AT SIGNET: TAKEOVER TALK, FLAT PROFITS, AND YET ANOTHER STUDY

Signet Banking Corp. increased speculation about a possible takeover Thursday when it reported both lower earnings and a study leading to a major restructuring.

The earnings figures "don't help" even though lower revenue was expected, said Merrill Ross, who follows the banking industry for Wheat First Butcher Singer in Richmond.

She said Signet had high costs because of introducing its new "loan by check" program that has yet to produce revenue from increased loans. The company attributed the drop in revenue to increased reserves against loan losses.

Signet said it earned $29.6 million or 49 cents a share in the third quarter, compared with $30.1 million or 50 cents a share last year. It was the second consecutive quarter of flat returns for the company.

David West, an industry analyst with Davenport & Co., said Signet's results were close to his expectations, but an associate at Scott & Stringfellow said the earnings were a penny short of her estimates.

First Union Corp. of Charlotte, N.C., is widely reported to be interested in acquiring Signet, and analysts have said that Signet would have to improve its financial position to avoid being merged into First Union or another larger bank.

But analysts were surprised by Signet's announcement that it is undertaking what it called a "redesign" project to transform itself into a "national, information-based financial company."

Ross called the study "a defensive move" in an attempt to avoid a takeover. She said Signet officials believe in the future of "branchless delivery." She expects Signet to come out of the study shedding branches and other traditional features of banking.

The study won't begin for another six months and will last at least 18 months.
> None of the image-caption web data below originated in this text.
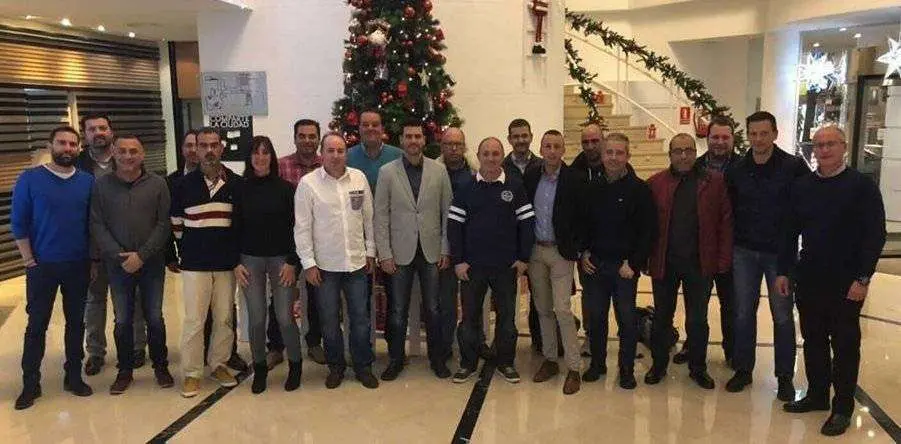 REUNION TENIS CEUTA.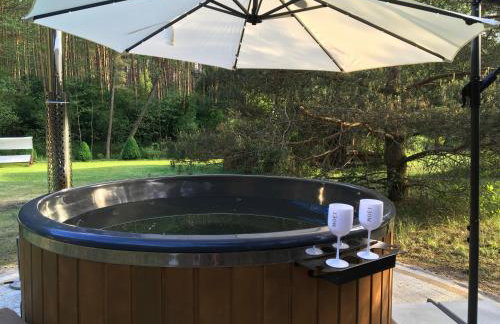 Deluxe Holiday Zdrojowa -Willa typu Alpejskiego w Borach Tucholskich-Całoroczna Balia z jacuzzi-Prywatny las i strumyk -Duża Wiata grillowa - Foto 9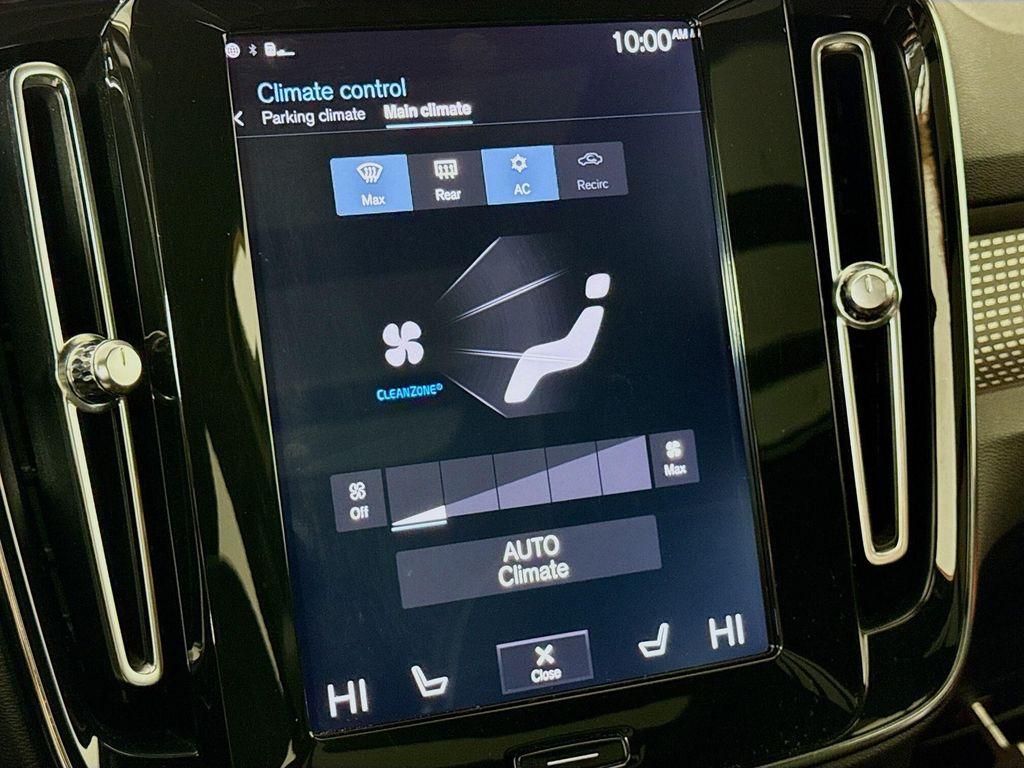used 2020 Volvo XC40 car, priced at $26,297
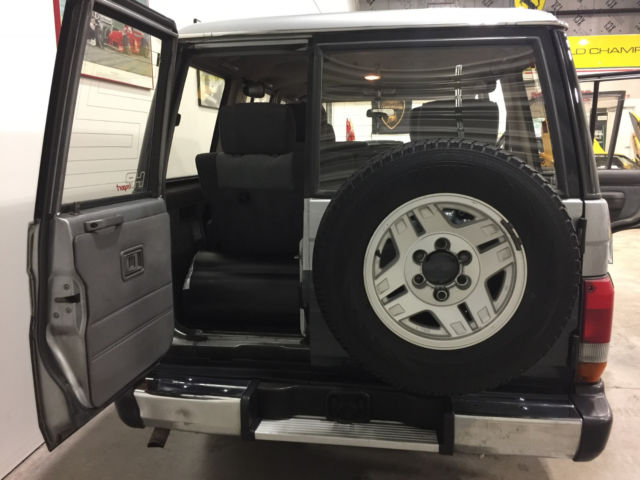 1900 Gray Toyota Land Cruiser SUV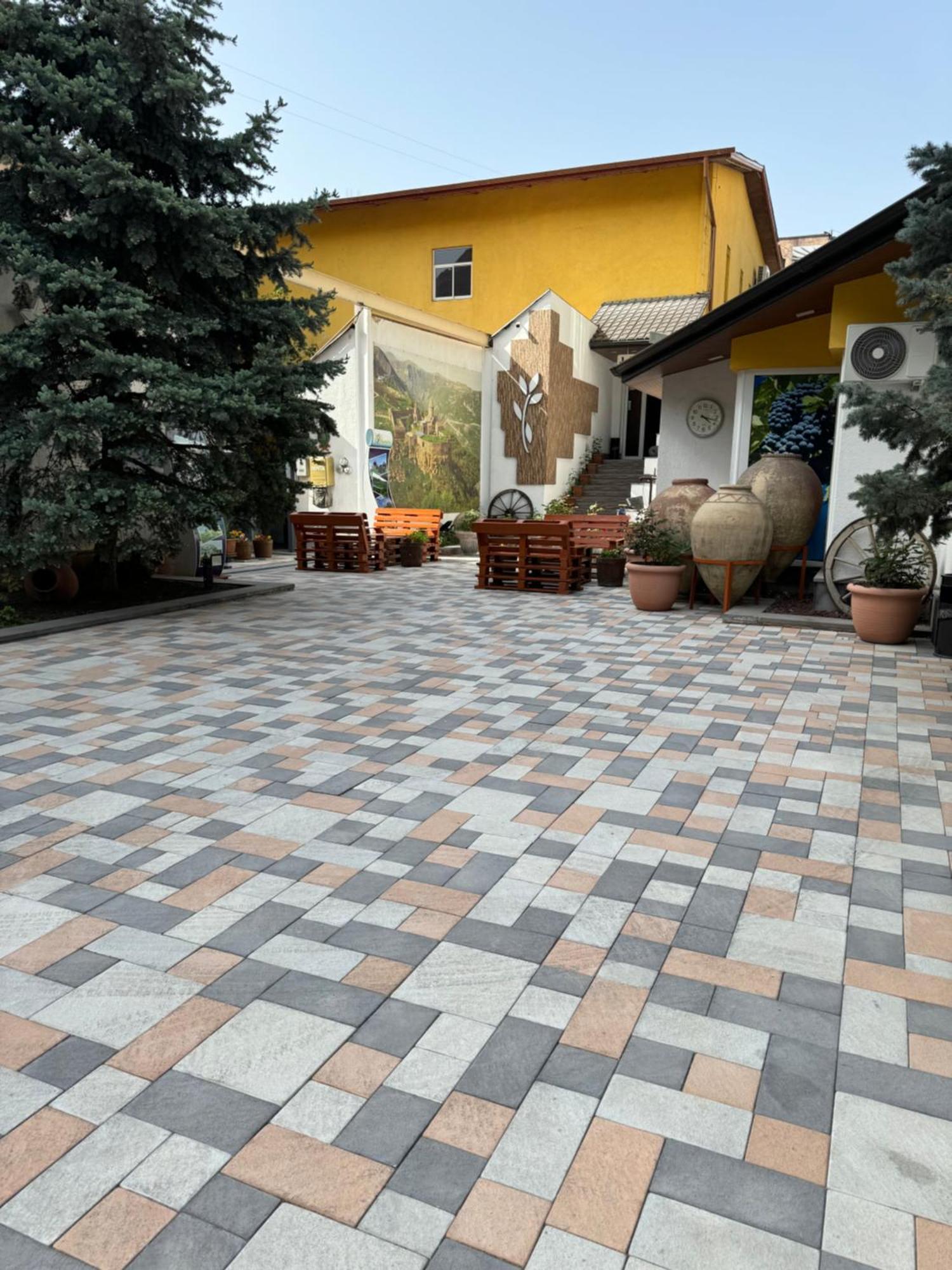 No Problem Hotel Erevan Exterior foto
Signet has retained Aston Associates, a financial services consulting firm, to assist in the program.

The study will lead to "substantial changes," Ross said. "I assume nothing will be sacred." But she said she did not know what the changes will involve.

West said the study shows the bank "feels it needs to do something." That aspect, and not just the earnings, leads him to wonder if Signet's long-term strategy should look toward an acquisition rather than continued independence.

He said he was surprised because Signet undertook a major organizational study just last year after it spun off its credit card business as Capital One Corp. And that decision, West said, was made after yet another study.

Still another study this soon "is a little surprising," West said.

Henry J. Coffey Jr., banking analyst with J.C. Bradford & Co. in Nashville, Tenn., joked that one of the reasons he doesn't follow Signet closely is the number of organizational studies it undertakes. "That's all they ever do," Coffey said.